Смута длилась 9 лет (1604 – появление Самозванца, 1613 – избрание на царство Михаила Федоровича). Революция тянется уже 32 года и конца ей не видно. Подрастают новые поколения, живущие в России, но не знающие ни ее истории, ни ее священных традиций, ни ее международного положения.
Смута разразилась в сравнительно первобытной России, расшатанной и оскудевшей от террора Иоанна Грозного. Революция была подготовлена и произведена в России, которая культурно цвела, хозяйственно богатела и прогрессивно реформировалась. Россия начала ХХ века имела две опасности: войну и революцию. Войну ей сознательно навязала Германия, чтобы остановить ее рост; революцию в ней сознательно раздули революционные партии, чтобы захватить в ней власть.

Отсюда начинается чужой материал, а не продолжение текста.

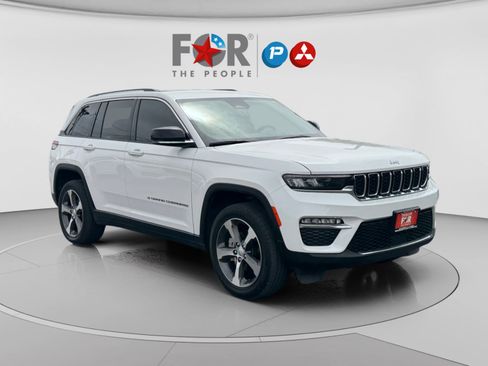 Used 2023 Jeep Grand Cherokee Limited image 7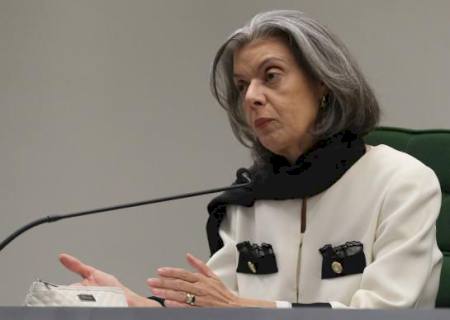 Cármen Lúcia toma posse na presidência do STF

После смуты Россия была разорена (засевалась всего одна двадцать третья часть прежней площади); но она сохранила свой национальный лик. Революция разоряет и вымаривает ее систематически, и симулирует ее мнимое «богатeние»; она исказила ее национальный лик, отменила даже ее имя и превратила ее в мировую язву, грозящую всем народам.
Поэтому русская революция есть величайшая катастрофа – не только в истории России, но и в истории всего человечества, которое теперь слишком поздно начинает понимать, что советский коммунизм имеет европейское происхождение и что он теперь ломится назад, – на свою «родину». Ибо он готовился в Европе сто лет в качестве социальной реакции на мировой капитализм; он был задуман европейскими социалистами и атеистами и осуществлен международным сообществом людей, сознательно политизировавших уголовщину и криминализировавших государственное правление. В мир сошел аморальный властолюбец, сделавший науку и государственность орудием всеобщего ограбления и порабощения, – жестокий и безбожный, величайший лжец и пошляк мировой истории, научившийся у европейцев клясться именем «пролетариата» и оправдывать своими целями самые гнусные средства.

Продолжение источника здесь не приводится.